Grundsanierung von Laborgebäuden: Modernisierung, Nachhaltigkeit und logistische Herausforderungen am Beispiel der Freien Universität Berlin

Die Sanierung alter Gebäude, insbesondere von Labor- und Forschungseinrichtungen, stellt eine der komplexesten Aufgaben im modernen Bauwesen dar. Oft handelt es sich um Bauten aus den 1960er und 1970er Jahren, die nicht nur baulich veraltet sind, sondern auch unter Schadstoffbelastungen, unzureichendem Brandschutz und einem hohen Energieverbrauch leiden. Ein herausragendes Beispiel für eine solche umfassende Modernisierung ist die Grundsanierung des Instituts für Chemie an der Freien Universität Berlin (FU). Dieses Projekt verdeutlicht, wie durch strategische Planung, ressourcenschonendes Handeln und innovative Bautechnik historische Bausubstanz in eine zukunftsfähige Nutzung überführt werden kann.

Im Folgenden werden die zentralen Aspekte einer solchen Kernsanierung beleuchtet – von den Auslösern für die Renovierung über die baulichen und technischen Maßnahmen bis hin zu den Anforderungen an moderne Handwerksbetriebe, die solche Projekte begleiten.

Die Notwendigkeit der Sanierung: Auslöser und Zielsetzungen

Sanierungsbedarf entsteht selten plötzlich, sondern resultiert meist aus einem schleichenden Prozess des Verfalls und des technologischen Wandels. Am Beispiel des Instituts für Chemie der FU Berlin lassen sich die klassischen Gründe für eine umfassende Gebäudeinstandsetzung identifizieren.

Veraltete Bausubstanz und Schadstoffe

Gebäude aus der Nachkriegszeit, die in Stahlbeton-Skelettkonstruktionen errichtet wurden, weisen oft altersbedingte Mängel auf. Quellen nennen hier veraltete Gebäudesubstanz und Gebäudetechnik als wesentliche Probleme. Besonders kritisch ist das Vorhandensein von Schadstoffbelastungen, die in der Bauära der 70er Jahre häufig auftraten und heute einen zwingenden Grund für eine Sanierung oder zumindest eine professionelle Gefährdungsanalyse darstellen.

Ein weiterer kritischer Punkt ist der Brandschutz. In alten Gebäuden entspricht die Brandabschnittsbildung und die Materialbeschaffenheit oft nicht mehr den aktuellen, strengen Normen. Eine Grundsanierung bietet die einzige Möglichkeit, diese Sicherheitslücken zu schließen, ohne den gesamten Bau abreißen zu müssen.

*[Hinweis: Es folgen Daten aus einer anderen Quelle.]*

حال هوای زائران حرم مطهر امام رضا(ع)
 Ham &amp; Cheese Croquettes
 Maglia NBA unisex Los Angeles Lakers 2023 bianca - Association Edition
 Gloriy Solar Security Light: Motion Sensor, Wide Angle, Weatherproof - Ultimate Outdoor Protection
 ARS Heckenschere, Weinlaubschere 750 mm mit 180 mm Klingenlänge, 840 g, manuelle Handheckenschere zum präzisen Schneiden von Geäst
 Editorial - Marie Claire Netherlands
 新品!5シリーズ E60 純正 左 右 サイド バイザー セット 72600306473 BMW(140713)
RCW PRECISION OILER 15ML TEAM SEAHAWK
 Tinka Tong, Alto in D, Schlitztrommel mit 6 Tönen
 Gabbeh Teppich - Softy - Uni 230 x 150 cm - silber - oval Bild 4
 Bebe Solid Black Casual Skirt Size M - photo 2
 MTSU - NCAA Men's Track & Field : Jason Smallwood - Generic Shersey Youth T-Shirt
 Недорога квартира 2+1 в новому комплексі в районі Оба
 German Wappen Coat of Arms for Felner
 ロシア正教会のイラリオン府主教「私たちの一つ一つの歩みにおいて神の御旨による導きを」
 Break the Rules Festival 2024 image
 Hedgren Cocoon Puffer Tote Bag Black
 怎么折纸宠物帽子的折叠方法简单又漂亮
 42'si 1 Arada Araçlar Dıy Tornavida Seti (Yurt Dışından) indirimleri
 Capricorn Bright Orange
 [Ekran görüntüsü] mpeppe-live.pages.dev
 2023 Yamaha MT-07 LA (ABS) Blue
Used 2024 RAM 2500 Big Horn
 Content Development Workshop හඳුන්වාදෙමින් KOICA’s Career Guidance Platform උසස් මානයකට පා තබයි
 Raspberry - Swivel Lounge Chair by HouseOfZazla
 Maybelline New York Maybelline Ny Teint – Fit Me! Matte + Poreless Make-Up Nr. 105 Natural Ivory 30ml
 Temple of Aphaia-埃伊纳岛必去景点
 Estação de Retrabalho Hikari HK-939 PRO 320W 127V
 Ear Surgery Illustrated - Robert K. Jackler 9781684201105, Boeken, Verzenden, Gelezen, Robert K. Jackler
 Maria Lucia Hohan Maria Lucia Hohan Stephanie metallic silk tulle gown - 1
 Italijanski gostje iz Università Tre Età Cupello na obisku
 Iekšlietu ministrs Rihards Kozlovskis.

Energieeffizienz und Kostensenkung

Ein nicht zu unterschätzender Faktor ist der unverhältnismäßig hohe Energieverbrauch solcher Gebäude. Ohne eine Dämmung der Fassade, den Austausch der Fenster und eine Modernisierung der Heizungs-, Lüftungs- und Klimatechnik (HLK) bleiben die Betriebskosten extrem hoch. Eine Sanierung zielt daher immer auch auf eine drastische Reduzierung des Energieverbrauchs ab, was sowohl ökologischen Ansprüchen als auch wirtschaftlichen Zwängen Rechnung trägt.

Funktionaler Wandel

Neben den technischen und energetischen Aspekten ist der funktionale Wandel entscheidend. Forschungsanforderungen ändern sich rasch. Moderne Laborbedingungen erfordern flexible Raumstrukturen, die sich an neue wissenschaftliche Erkenntnisse anpassen lassen. Das Ziel der FU Berlin war es, durch eine Optimierung der Raumbelegung moderne Laborbedienungen zu schaffen und eine räumliche Komprimierung der Naturwissenschaften zu erreichen.

Logistische Meisterleistung: Sanierung bei laufendem Betrieb

Eine der größten Herausforderungen bei der Sanierung von Universitäten oder Forschungseinrichtungen ist der Umstand, dass der Betrieb aufrechterhalten werden muss. Die Sanierung des Instituts für Chemie wurde bei laufendem Betrieb der FU Berlin durchgeführt.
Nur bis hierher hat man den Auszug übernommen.